C’est au début de ses études au Saulchoir que le père Marie-Dominique Philippe a saisi la nécessité de redécouvrir un véritable itinéraire philosophique, en constatant que les voies d’accès à l’existence de Dieu telles qu’elles sont exposées dans la Somme théologique (I, q. 2, a. 3) sont inintelligibles lorsqu’on les regarde, ainsi que l’ont fait la scolastique et le thomisme, comme des voies philosophiques. Ces voies étant, de fait, élaborées dans une perspective théologique (de doctrina sacra) et critique, et présupposant toute la recherche proprement philosophique d’Aristote, spécialement sa découverte de la cause finale de ce-qui-est, l’être-en-acte, le père Philippe a alors entrepris de revenir à Aristote, de se mettre directement à l’école de celui que saint Thomas appelle « le Philosophe ».
« Le propre du sage est d’ordonner », dit souvent saint Thomas à la suite d’Aristote. Or la scolastique, en voulant tirer une philosophie de la théologie de saint Thomas, n’a absolument pas respecté l’ordre propre de la philosophie.
C’est cet ordre d’une philosophie réaliste, cet itinéraire propre vers la sagesse philosophique, distincte de la sagesse théologique, qu’il fallait redécouvrir.
Au cours de son enseignement à l’Université de Fribourg, de 1945 à 1982, le père Philippe a donc, dans cette lumière, cherché à reprendre toute la philosophie, à partir de l’expérience, et par la recherche des causes propres à chacune de ses parties.

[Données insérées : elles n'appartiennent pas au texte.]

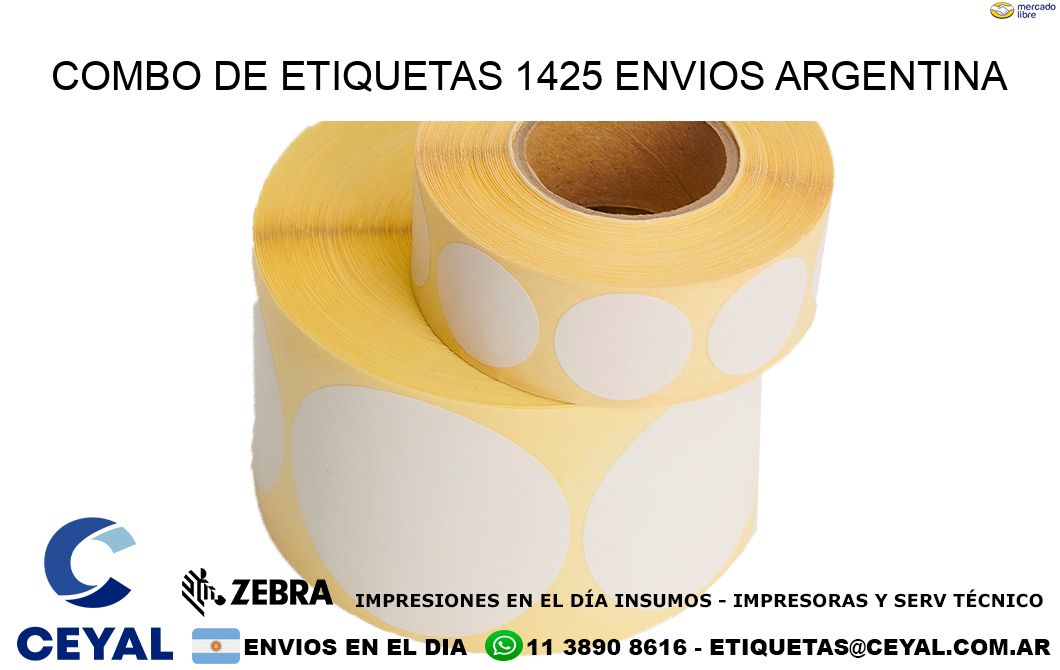 Combo de etiquetas 1425 ENVIOS ARGENTINA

Il a ainsi redécouvert l’importance capitale de l’induction dans l’itinéraire philosophique. Ses recherches se sont développées dans tous les domaines de la philosophie :
– la découverte de l’homme capable de transformer l’univers (philosophie de l’art) à partir de l’expérience du travail, de la réalisation d’une œuvre ;
– la découverte de l’homme capable d’aimer et d’être responsable d’un autre (philosophie éthique), à partir de l’expérience de l’amour d’amitié, expérience qui est le véritable point de départ d’une philosophie éthique réaliste ;
– ces deux développements pratiques de la philosophie sont bien, avec la philosophie politique, elle aussi pratique, qui part de l’expérience de la coopération, le point de départ de toute philosophie réaliste.
Le père Marie-Dominique Philippe a montré que c’est à partir de là que peut se développer une philosophie dite « spéculative », qui cherche la vérité pour elle-même :
– dans une philosophie de la nature, qui cherche à connaître la matière, au-delà de sa transformation par l’artiste dans le travail, et regarde l’homme comme partie de l’univers par son corps ;
– dans une philosophie du vivant, qui cherche à connaître l’homme comme vivant, au-delà de l’expérience de l’amour d’amitié qui peut être brisé par la mort.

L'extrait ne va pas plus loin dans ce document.